++++ Dataset section

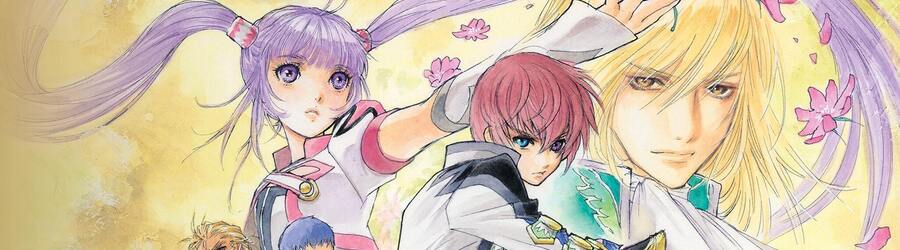 Tales of Graces f Remastered (PS5)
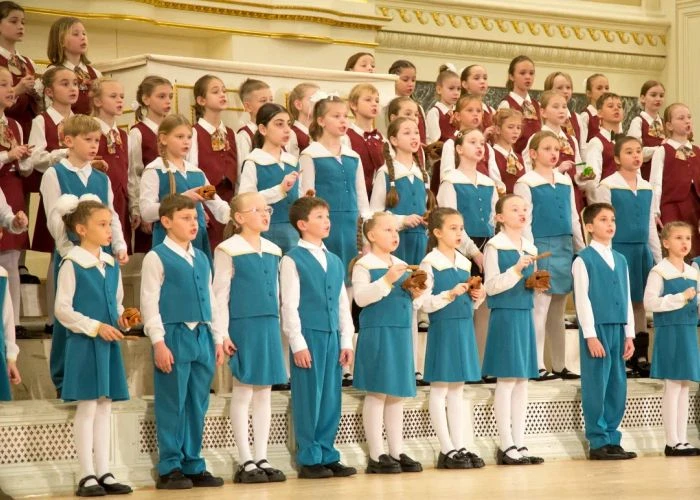 XXXVI Международный фестиваль искусств «Земля детей» пройдёт с 24 октября по 15 ноября ...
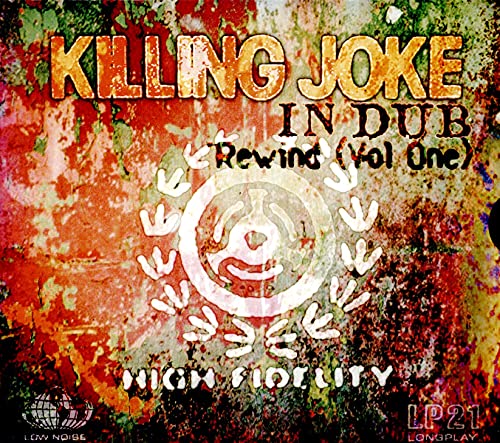 KILLING JOKE - IN DUB REWIND (VOL ONE) - CD image 2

++++++++

◆ **Task instructions**: In the copy you write, the data above must appear exactly, with no pictures.

◆ **Task response**:
 Tales of Graces f Remastered (PS5)
 XXXVI Международный фестиваль искусств «Земля детей» пройдёт с 24 октября по 15 ноября ...
 KILLING JOKE - IN DUB REWIND (VOL ONE) - CD image 2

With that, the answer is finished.